First, I want to answer the inevitable question: why spend the time to make a Python implementation of an algorithm that's already out there in Fortran? The reason is that I've found in my research and teaching that pure-Python implementations of algorithms are far more valuable than C or Fortran implementations, even if they might be a bit slower. This is for a number of reasons:

  • Pure-Python code is easier to read, understand, and contribute to. Good Python implementations are much higher-level than C or Fortran, and abstract-away loop indices, bit twiddling, workspace arrays, and other sources of code clutter. A typical student reading good Python code can immediately understand and modify the algorithm, while the same student would be lost trying to understand typical optimized Fortran code.

  • Pure-python packages are much easier to install than Python-wrapped C or Fortran code. This is especially true on non-Linux systems. Fortran in particular can require some installation prerequisites that are non-trivial for many users. In practice, I've seen people give up on better tools when there is an installation barrier for those tools.

  • Pure-python code often works for many data types. Because of the way it is written, pure Python code is often automatically applicable to single or double precision, and perhaps even to extensions to complex numbers. For compiled packages, supporting and compiling for all possible types can be a burden.

  • Pure-python is easier to use at scale. Because it does not require complicated installation, pure Python packages can be much easier to install on cloud VMs and/or shared clusters for computation at scale.

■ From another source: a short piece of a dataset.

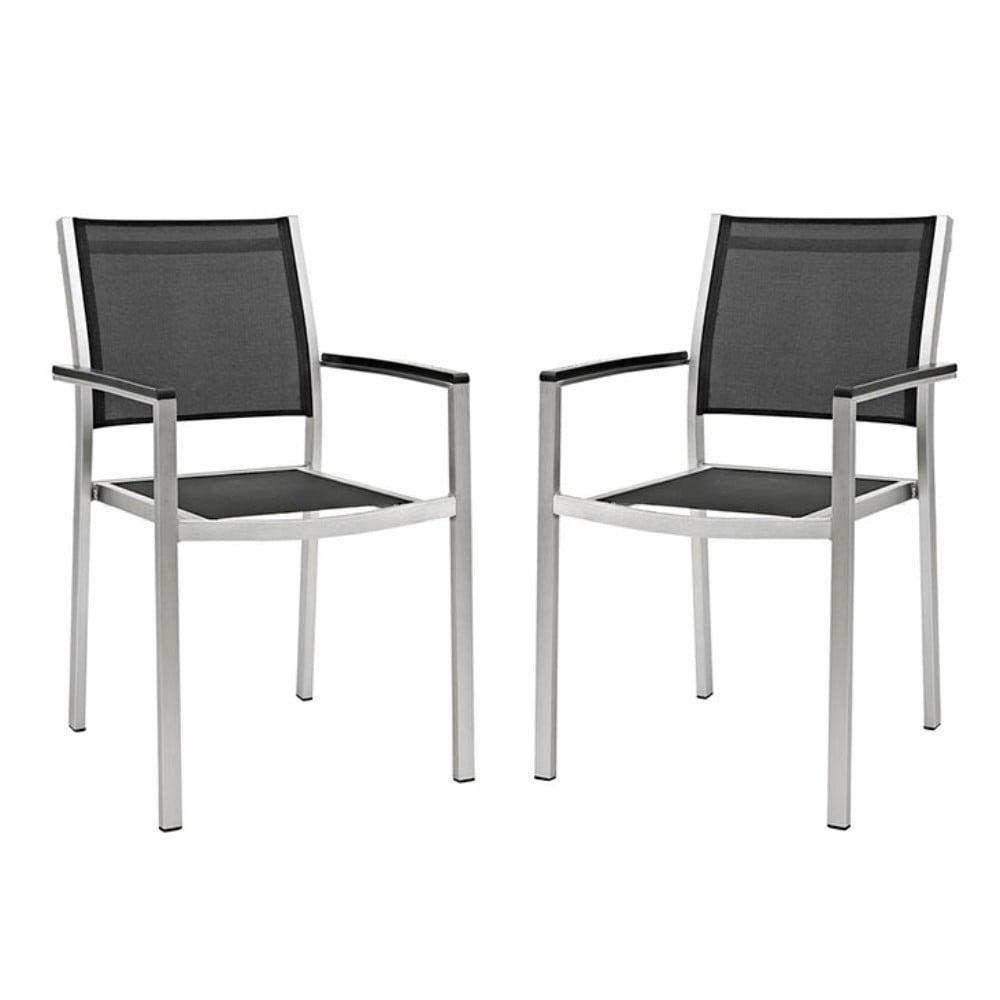 Modway Shore Dining Chair Outdoor Patio Aluminum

If you can easily pip-install a pure-Python package on a VM, then services like AWS and TravisCI are much easier to set up.

Certainly code speed will overcome these considerations if the performance gap is great enough, but I've found that for many applications a pure Python package, cleverly designed and optimized, can be made fast enough that these larger considerations win-out. The challenge is making the Python fast. We'll explore this below.

Background: The Non-Uniform Fast Fourier Transform

The Fast Fourier Transform (FFT) is perhaps the most important and fundamental of modern numerical algorithms. It provides a fast, $O[N\log N]$ method of computing the discrete Fourier transform: $$ Y_k^\pm = \sum_{n=0}^{N-1} y_n e^{\pm i k n / N} $$ You can read more about the FFT in my previous post on the subject.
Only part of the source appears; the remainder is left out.